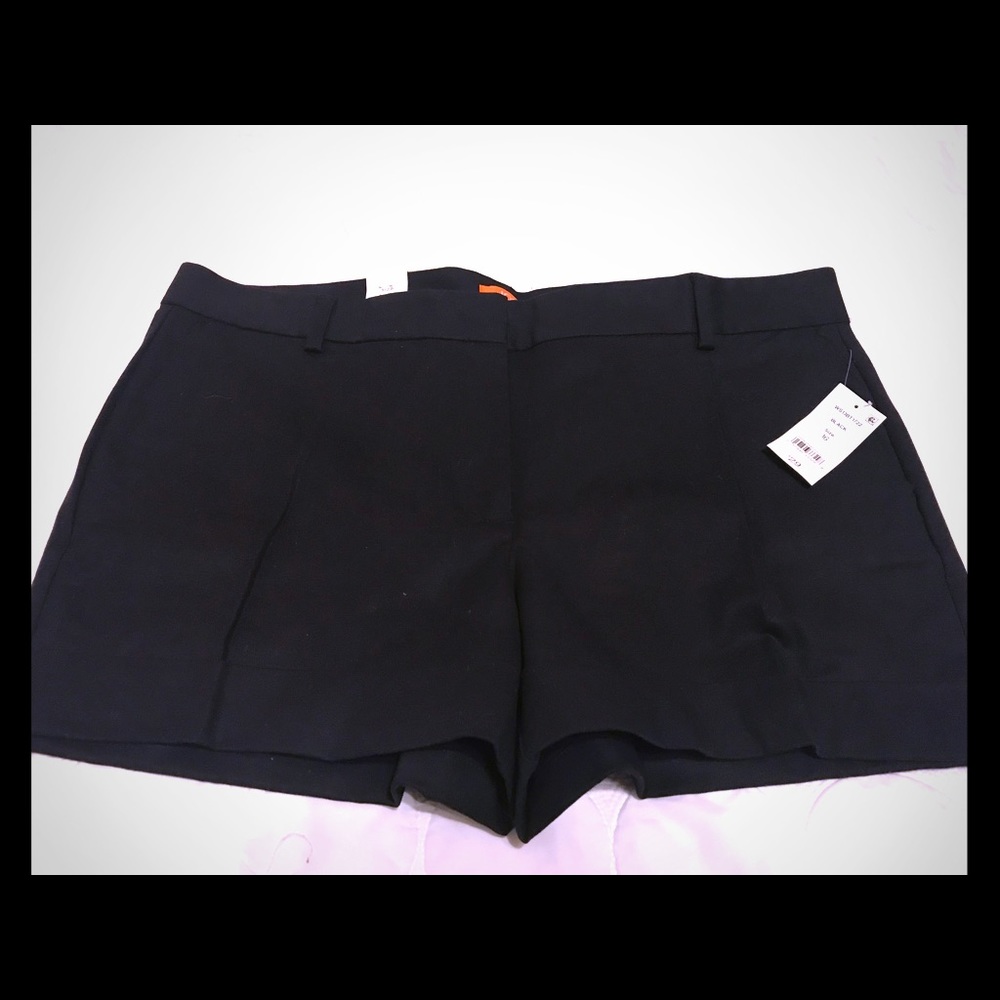 Black dress shorts - brand new!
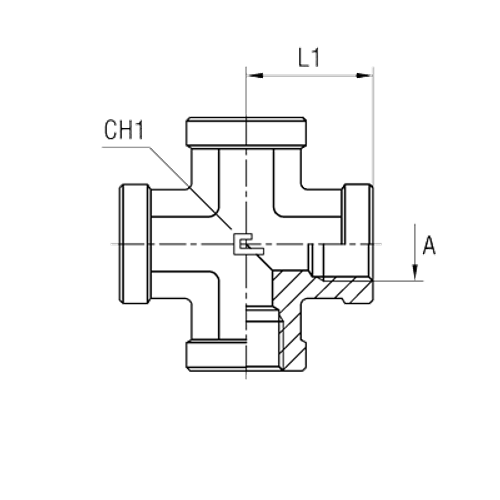 Соединение PSX BSP 1/2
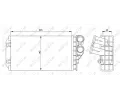 NRF Vmnk tepla vnitnho vytpn NRF 54251, 54251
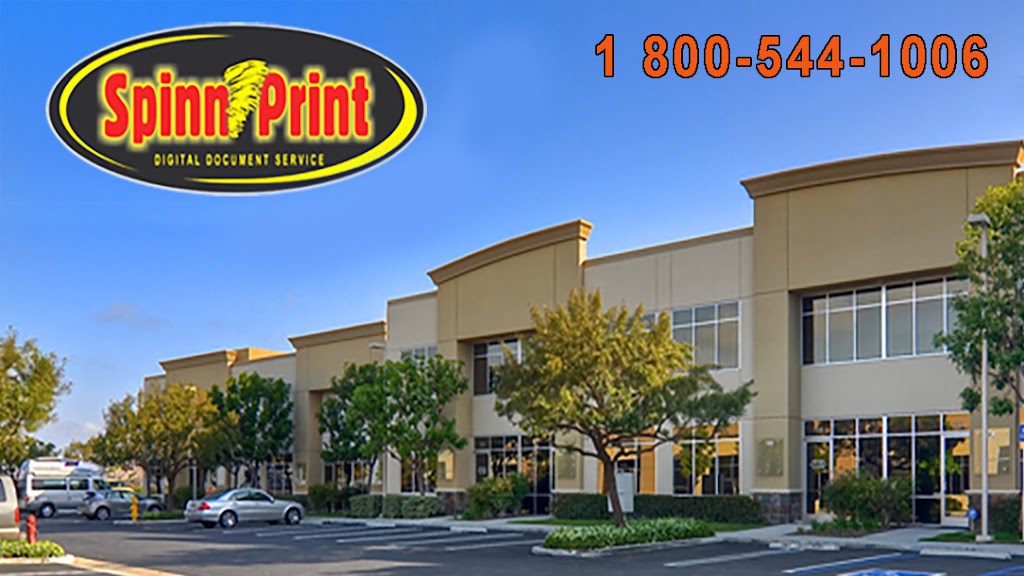 SpinnPrint.Com | 26429 Rancho Pkwy S #110, Lake Forest, CA 92630, USA | Phone: (949) 305-6680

=== WHAT TO PRODUCE ===
The whole listing, minus its images, should be repeated exactly.

=== EXERCISE RESPONSE ===
 Black dress shorts - brand new!
 Соединение PSX BSP 1/2
 NRF Vmnk tepla vnitnho vytpn NRF 54251, 54251
 SpinnPrint.Com | 26429 Rancho Pkwy S #110, Lake Forest, CA 92630, USA | Phone: (949) 305-6680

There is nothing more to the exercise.